When Dr. Marcus Jarbo, director of pediatric minimally invasive surgery at CS Mott Children’s Hospital, approached the Detroit Zoo to perform therapeutic surgery on a newborn chimpanzee, he took the opportunity to cure an unconventional patient.
A premature chimpanzee named Zane has evolved inguinal hernia – painful bulge of tissue developing in the groin area – five weeks after his birth, in January 2020. For unknown reasons, Zayn’s mother showed no interest in her newborn, so a team of caregivers began taking additional taking care of Zane in the first weeks. After Dr. Ann Duncan, director of the Detroit Zoo Health Department, and the team discovered Zane’s inguinal hernia, they turned to Mott for help.
“Chimpanzee anatomy and human anatomy are very similar and the equipment needed for newborn patients is specialized, “Duncan wrote in an email to The Michigan Daily.” For these reasons, we contacted a pediatric surgeon who has experience in noninvasive laparoscopic recovery techniques. ”
Unlike an open hernia, laparoscopic method allows the surgeon to visualize the hernia defect without making a large incision over the site of surgery. A chamber called a laparoscope is inserted through the incision, and the surgeon uses an image that is broadcast on a monitor to guide doctors during the procedure.
For his first non-human surgery, Jarbo said he decided to use the laparoscopic method because of his experience in minimally invasive surgery. He also said the sight helps better visualize the anatomy.
“I do most of my (surgeries) laparoscopically, and I think hernias are easier to do laparoscopically,” Jarbo said. “I could more easily understand anatomy with a sight.”
Jarbo also said that pediatric surgeons have extensive experience in performing operations on human patients who are similar to Zayn, so many procedures can be performed in the same way on primate animals.
“Zane was somewhere around three pounds,” Jarbo said. “It’s the same size we usually work on.”
In addition to the two pediatric anesthesiologists who assisted in the operation, Jarbo said he invited senior pediatric surgeon Dr. Ronald Hirschl and two pediatric anesthesiologists to perform the operation with him. He said inviting pediatric anesthesiologists was important because of their experience in endotracheal tube insertion so the patient could breathe during surgery.
“Veterinarians can get airways for large types of animals,” Jarbo said. “But for chimpanzees of this size it is very difficult to get airways. Our anesthesiologists are really used to it. It’s completely in their comfort zone. “
According to Duncan, she spoke several times on the phone with a surgeon and traveled to the University of Michigan to pick up equipment as the operation was conducted at a zoo.
Zane recovered very quickly, Duncan said. A chimpanzee named Trixie showed a strong interest in Zane and became his surrogate mother. Together with his new friend Bubbles – the second oldest chimpanzee in the community – and his older sister Jane Zane, he integrated well with the squad. According to Duncan, he recently celebrated his second birthday.
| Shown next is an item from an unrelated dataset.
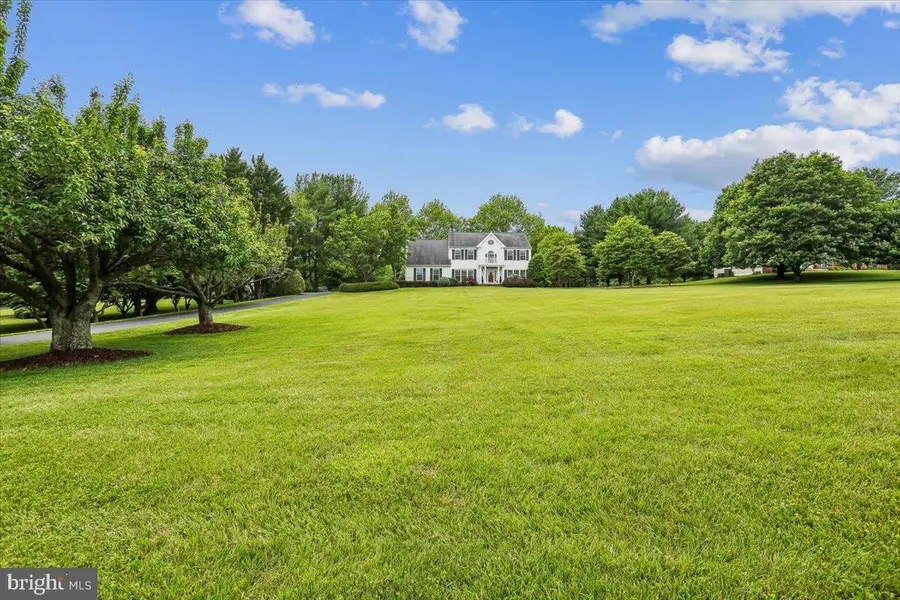 9216 English Meadow Way, Gaithersburg, MD 20882 - #3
Duncan wrote in an email to the Daily that this is not the first time the Detroit Zoo has collaborated with medical experts in human medicine.
“For many years we have worked with a number of veterinary and medical professionals,” Duncan wrote. “We are more accustomed to veterinarians. However, we have worked with urologists, gastroenterologists, neurologists and anesthesiologists, most often when our patients are chimpanzees or gorillas. ”
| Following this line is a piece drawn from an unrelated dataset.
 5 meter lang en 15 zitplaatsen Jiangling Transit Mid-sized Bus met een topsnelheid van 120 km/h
Duncan also said cooperation between human medicine and veterinary medicine is crucial to advancing both industries.
“There are many similarities between human and veterinary medicine,” Duncan wrote. «One health cooperation allows us to succeed in both areas. “
LSA sophomore Ava Ryder, a veterinarian student, said she found the story very sincere. She also said that although veterinary medicine and human medicine have traditionally been considered separately, cooperation between the two areas is beneficial to society.
Ryder said that after veterinary school she plans to work in crossover research and hopes to specialize in oncology.
“I actually plan to work in crossover research (in the future),” Ryder said. “I would like to specialize in oncology … hoping to find a cure for human cancer as well as cancer … in the animals I treat.”
Ryder added that she was able to participate in two programs of discovering veterinary medicine in high school, and this experience inspired her to cross-study.
“I’ve always been interested in conducting research as well as helping animals,” Ryder said. “But if I can help not only animals, it’s an even greater achievement that I will strive for.”